FSA socially disadvantaged loans help women, minorities

2012-06-29T13:40:00Z 2012-06-29T13:42:27Z FSA socially disadvantaged loans help women, minoritiesBy Barry Amundson, Reporter Tri State Neighbor
June 29, 2012 1:40 pm  • 

With women an increasing presence in agriculture, USDA Farm Service Agency (FSA) loan officer Mary Held had a lot to tell participants earlier this month at the third annual Ag Women’s Day event in Brookings, S.D.

Women make up about 30 percent of all farm operators in the U.S., with an average size of the operation at 210 acres, according to the most recent farm census. The numbers could be higher now.

Many programs offered by FSA are designed to help women and minorities buy and operate farms.

Beginning farmers also are included in many of the program offerings for the “socially disadvantaged,” with covered minorities including blacks, American Indians, Alaskan natives, Hispanics, Asian Americans and Pacific Islanders.

Sixty-two percent of loans made in South Dakota last year by the FSA were to socially disadvantaged or beginning farmers.

One new program just being introduced nationwide after pilot programs is a land contract guarantee program. This provides a new approach for landowners willing to sell and finance a land purchase to a beginning or socially disadvantaged farmer or rancher.

“In this program, FSA guarantees the payments to the seller,” Held said.

The guarantee provides an incentive to sell to individuals in these groups as it reduces the financial risk to the seller if a buyer defaults on contract payments.

In addition to the more well-known FSA operating, real estate and disaster programs, Held talked about a program for rural youths and one for farm storage facilities becoming more popular.

The rural youth loan program helps finance income-producing ag-related projects for rural youths ages 10 to 20 participating in a 4-H, FFA or similar organization. “It’s a great program for kids who want to get into a 4-H or FFA project,” she said.

In Brookings County, Held said, 20 to 25 such loans are in place with youths who have “some great projects.”

“The loan is in the kids’ name, and when they put it in their name, it’s amazing how much more interested they become,” she said. The loan maximum is $5,000.

Youths sometimes get a one-year operating loan to buy feeder cattle or a term loan to buy breeding stock, she said. “It’s just a wonderful program,” she said.

The farm storage facility loans have become popular in the past six to seven years because of increasing commodity prices. The loans provide low-interest financing to producers to build or upgrade farm storage and handling facilities such as grain bins or hay sheds.

Held said she gets asked whether FSA competes with commercial credit operations, but she said they often work with banks and other lending operations.

For example, in a 40-year farm ownership program for socially disadvantaged or beginning farmers, there’s a 5 percent down payment with 45 percent of the loan at 1.5 percent interest, with the rest coming from a bank.

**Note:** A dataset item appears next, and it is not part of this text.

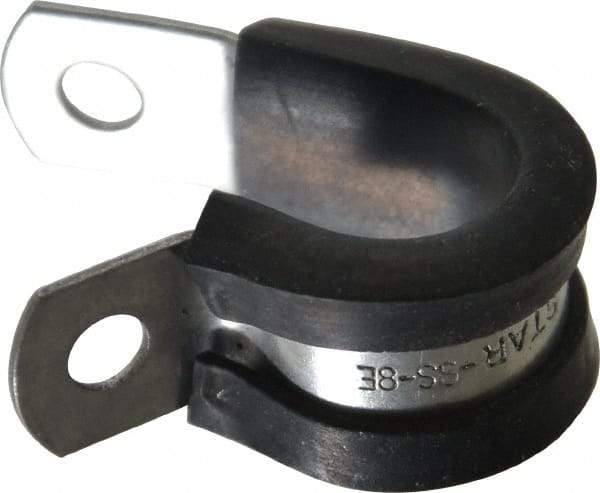 Made in USA - 1/2" Pipe, 1/2" Rod, Cushion Clamp - Gray & Black, Grade 304 Stainless Steel & EPDM Cushion - USA Tool & Supply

With a maximum of $300,000 on many of the loans, Held said many wonder how far that can go because of the high price of land.

“That’s where the down payment or the participating bank help,” she said.

Beginning farmers and ranchers eligible for the program are required not to have operated a farm or ranch for more than 10 years and must participate substantially in the operation.

A new website is offering help to beginning farmers. It’s called start2farm.gov. It includes links to training, financing, technical assistance and other support services specifically for beginning farmers and ranchers.

FSA outreach program official Gail Gullickson talked about a discrimination program claims process starting this summer for farmers and ranchers who allege discrimination based on being female or Hispanic in making or servicing farm loans during certain periods between 1981 and 2000.

To register their name or receive a claims packet, farmers and ranchers can call the Farmer and Rancher Call Center at 888-508-4429 or access www.farmerclaims.gov.

Gullickson also said a new outreach tool is available to try to reach underserved farmers and ranchers not currently enrolled in USDA loan, farm or conservation programs. They can join the USDA Minority Farm Register to receive information and opportunities from USDA agencies. Registration forms are available on the FAS website at www.fsa.usda.gov.

Held said existing program participants can contact their local offices for new email and text alerts about FSA programs to help the agency handle budget constraints as far as sending out newsletters. FSA is trying new, more high-tech ways to keep producers informed.

She also noted that nominations for local FSA “county committees” are open through Aug. 1.

She pointed to a couple of women who were on the committees in Brookings and Lake counties in South Dakota and urged others to get involved to help monitor programs and provide input.